● RECORDS TO PROCESS
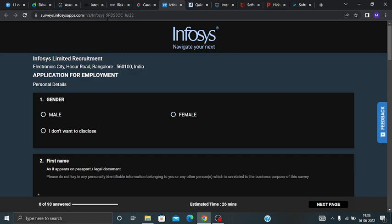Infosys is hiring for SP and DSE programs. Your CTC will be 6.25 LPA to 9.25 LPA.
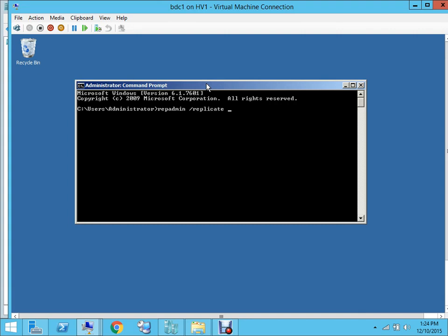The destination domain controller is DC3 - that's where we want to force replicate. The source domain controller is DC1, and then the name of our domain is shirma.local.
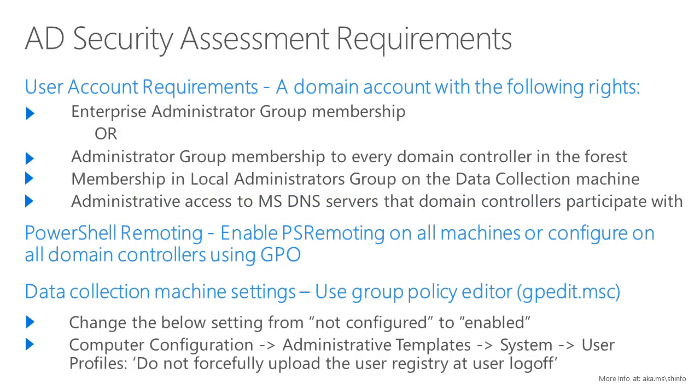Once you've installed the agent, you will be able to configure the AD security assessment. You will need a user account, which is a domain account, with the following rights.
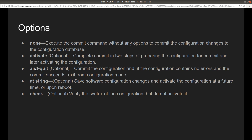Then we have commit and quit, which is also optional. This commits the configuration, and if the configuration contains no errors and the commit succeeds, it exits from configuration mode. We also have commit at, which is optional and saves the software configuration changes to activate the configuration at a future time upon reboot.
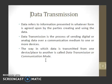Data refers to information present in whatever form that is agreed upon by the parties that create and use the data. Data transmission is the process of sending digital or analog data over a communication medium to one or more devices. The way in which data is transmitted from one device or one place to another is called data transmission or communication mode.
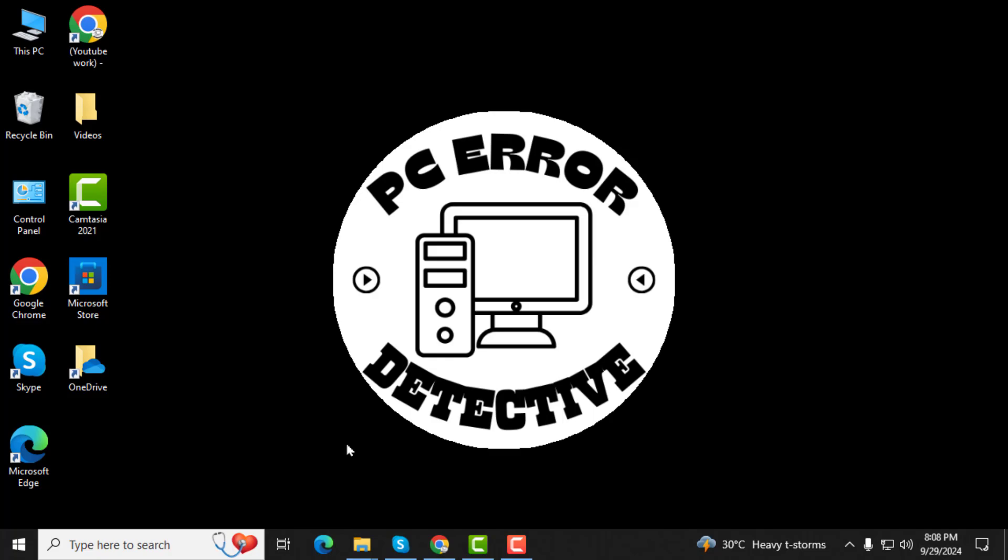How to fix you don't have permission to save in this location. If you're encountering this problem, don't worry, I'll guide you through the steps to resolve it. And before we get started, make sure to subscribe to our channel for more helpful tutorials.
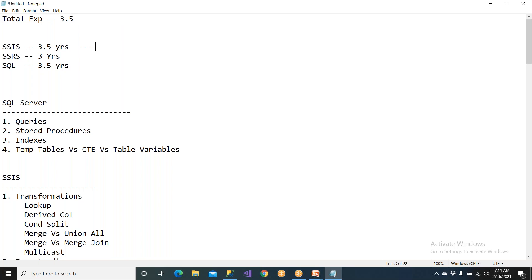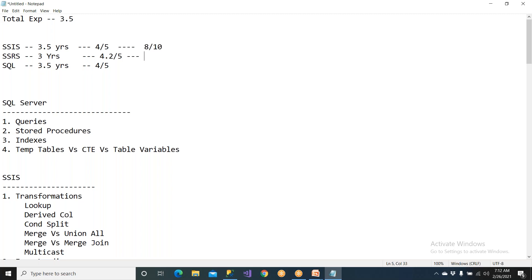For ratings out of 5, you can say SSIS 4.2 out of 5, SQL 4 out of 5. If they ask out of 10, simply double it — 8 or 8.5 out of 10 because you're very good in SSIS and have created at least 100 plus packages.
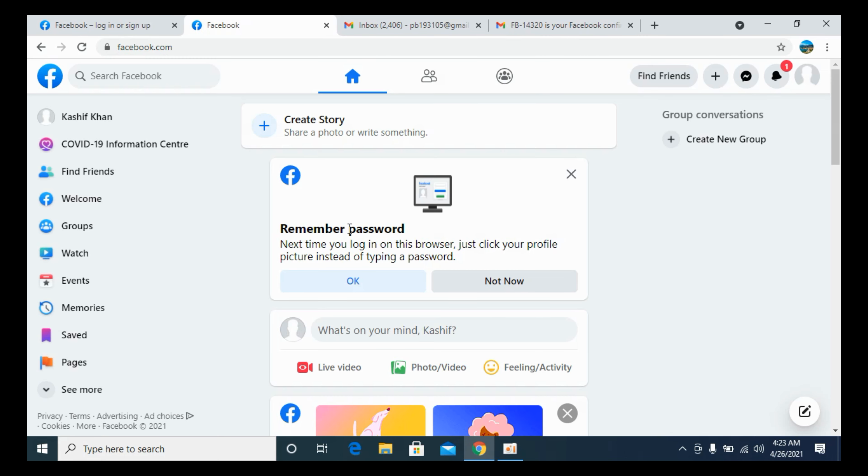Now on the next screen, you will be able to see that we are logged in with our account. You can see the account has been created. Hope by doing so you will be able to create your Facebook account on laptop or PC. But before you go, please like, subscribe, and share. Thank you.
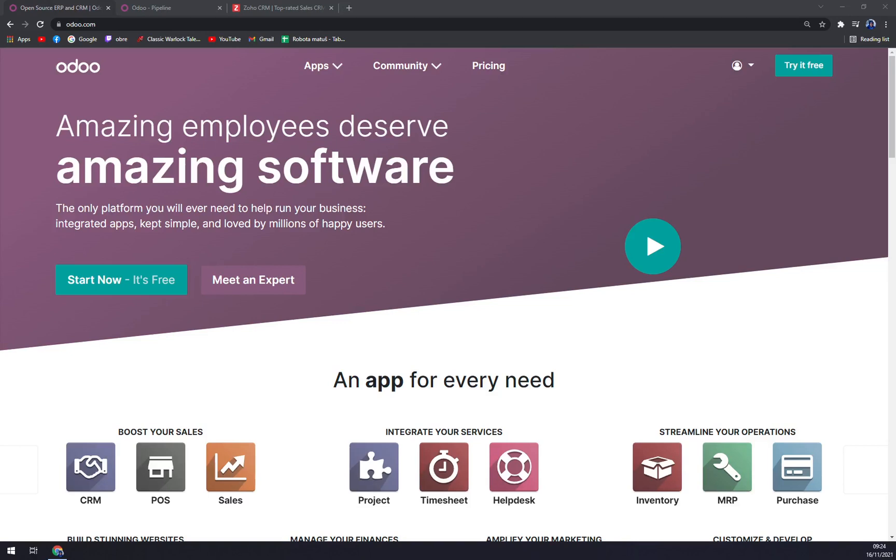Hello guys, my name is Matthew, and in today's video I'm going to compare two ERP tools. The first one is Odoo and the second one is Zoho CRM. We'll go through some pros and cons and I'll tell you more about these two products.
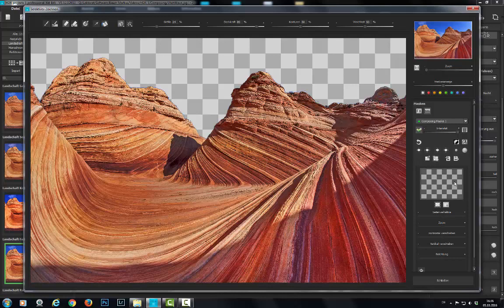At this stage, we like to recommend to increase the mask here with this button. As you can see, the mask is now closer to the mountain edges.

● WORK TASK
Pictures are to be left out; the rest of the listing should be printed exactly.

● TASK RESPONSE
Infosys is hiring for SP and DSE programs. Your CTC will be 6.25 LPA to 9.25 LPA.
The destination domain controller is DC3 - that's where we want to force replicate. The source domain controller is DC1, and then the name of our domain is shirma.local.
Once you've installed the agent, you will be able to configure the AD security assessment. You will need a user account, which is a domain account, with the following rights.
Then we have commit and quit, which is also optional. This commits the configuration, and if the configuration contains no errors and the commit succeeds, it exits from configuration mode. We also have commit at, which is optional and saves the software configuration changes to activate the configuration at a future time upon reboot.
Data refers to information present in whatever form that is agreed upon by the parties that create and use the data. Data transmission is the process of sending digital or analog data over a communication medium to one or more devices. The way in which data is transmitted from one device or one place to another is called data transmission or communication mode.
How to fix you don't have permission to save in this location. If you're encountering this problem, don't worry, I'll guide you through the steps to resolve it. And before we get started, make sure to subscribe to our channel for more helpful tutorials.
For ratings out of 5, you can say SSIS 4.2 out of 5, SQL 4 out of 5. If they ask out of 10, simply double it — 8 or 8.5 out of 10 because you're very good in SSIS and have created at least 100 plus packages.
Now on the next screen, you will be able to see that we are logged in with our account. You can see the account has been created. Hope by doing so you will be able to create your Facebook account on laptop or PC. But before you go, please like, subscribe, and share. Thank you.
Hello guys, my name is Matthew, and in today's video I'm going to compare two ERP tools. The first one is Odoo and the second one is Zoho CRM. We'll go through some pros and cons and I'll tell you more about these two products.
At this stage, we like to recommend to increase the mask here with this button. As you can see, the mask is now closer to the mountain edges.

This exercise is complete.